What are the potential benefits and drawbacks of using student grades as a measure of academic performance?
10 answers
The use of student grades as a measure of academic performance is a deeply entrenched practice within educational systems worldwide, serving multiple purposes including rating student progress and communicating students' status in achieving learning goals. Grades are often seen as a straightforward output of the educational process, potentially influencing student performance positively by providing clear benchmarks for success. Moreover, grades can serve as important indicators and predictors of students' final academic outcomes, offering a compact representation of academic-performance trajectories. However, the reliance on grades comes with significant drawbacks. The grading system has been criticized for creating a restrictive environment that limits innovation and divergent thinking, while also impacting students' social and psychological well-being negatively. The process of assigning grades can diminish their accuracy in reporting students' progress due to factors like effort, attendance, and improvement being considered alongside achievement, contributing to grade inflation and giving students a false impression of their abilities. Furthermore, the transformation of student performance into letter grades and the practice of curving can introduce measurement errors and non-comparability, challenging the causal identification of educational interventions' efficacy.

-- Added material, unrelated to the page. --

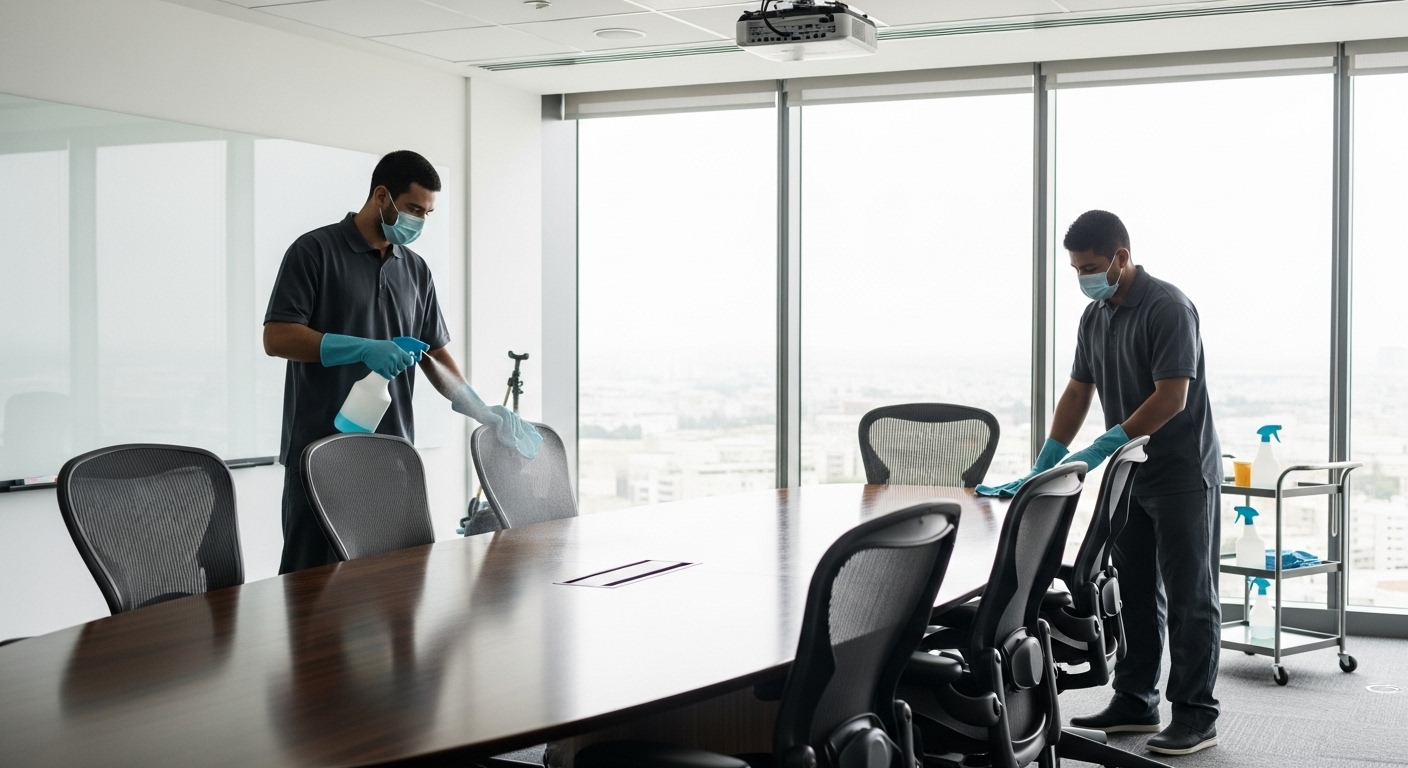 Office cleaners disinfecting meeting room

Empirical research has highlighted the methodological issues associated with grading, pointing out its limitations in terms of validity, reliability, and objectivity, which in turn affects the learning process and the students themselves. Additionally, the predictive power of grades on academic performance, while significant, is complex and influenced by various factors beyond the classroom, including online activity data in web-based learning systems. The practice of grade retention, based on students' grades, has also been shown to have a negative impact on student performance, questioning the efficacy of using grades as a measure for such decisions. In conclusion, while grades can provide valuable benchmarks and serve as predictors of academic success, their use as the sole measure of academic performance is fraught with challenges that can undermine educational objectives and student well-being.